Crawled caption data:

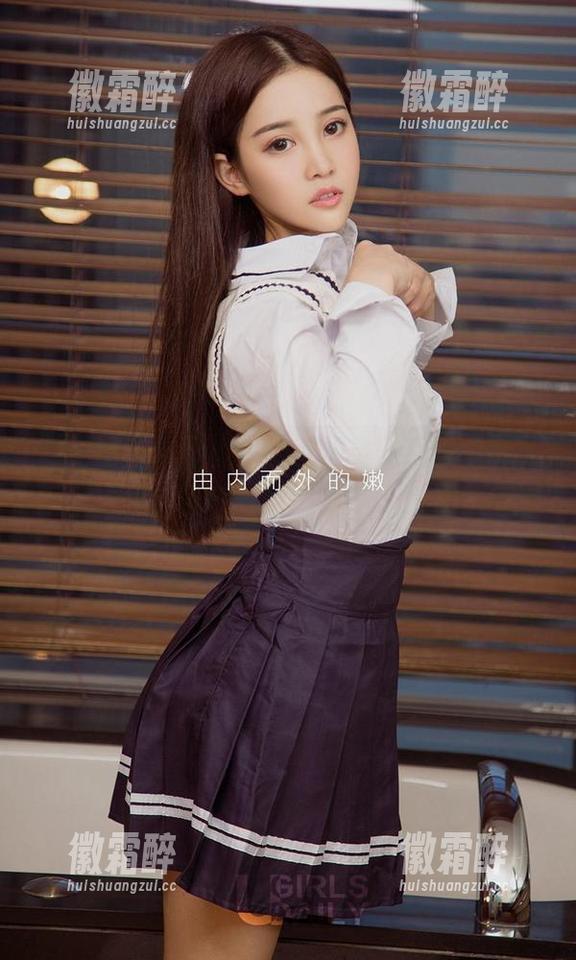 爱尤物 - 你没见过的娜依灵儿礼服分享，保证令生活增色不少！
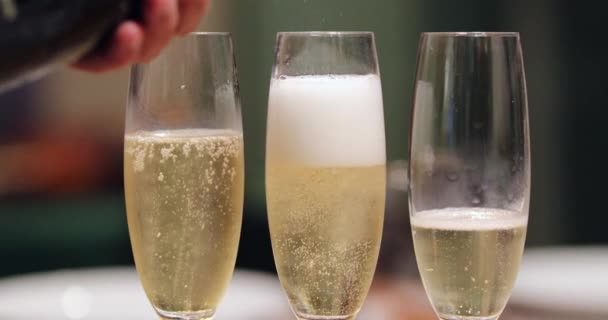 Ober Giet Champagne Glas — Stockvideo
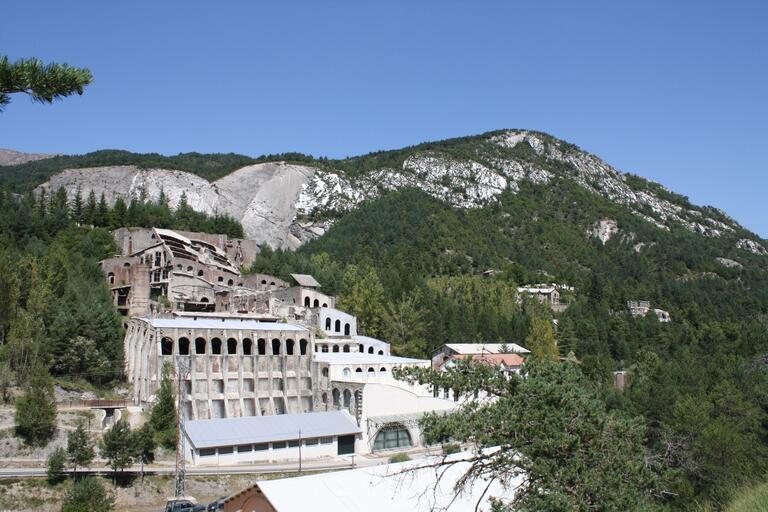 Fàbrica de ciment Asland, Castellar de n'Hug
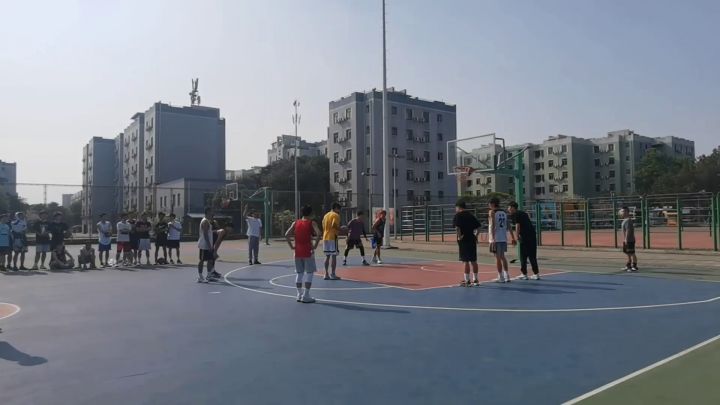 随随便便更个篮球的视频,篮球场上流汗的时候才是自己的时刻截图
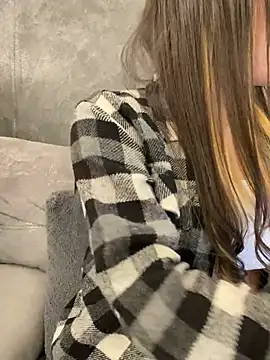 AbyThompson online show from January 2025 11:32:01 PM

DIRECTIONS FOR THIS TASK:
Please, leaving out all pictures, transcribe exactly the lines above from the one containing "Fàbrica de ciment Asland, Castellar de n'Hug" through the final line, both included.

WORKED SOLUTION:
 Fàbrica de ciment Asland, Castellar de n'Hug
 随随便便更个篮球的视频,篮球场上流汗的时候才是自己的时刻截图
 AbyThompson online show from January 2025 11:32:01 PM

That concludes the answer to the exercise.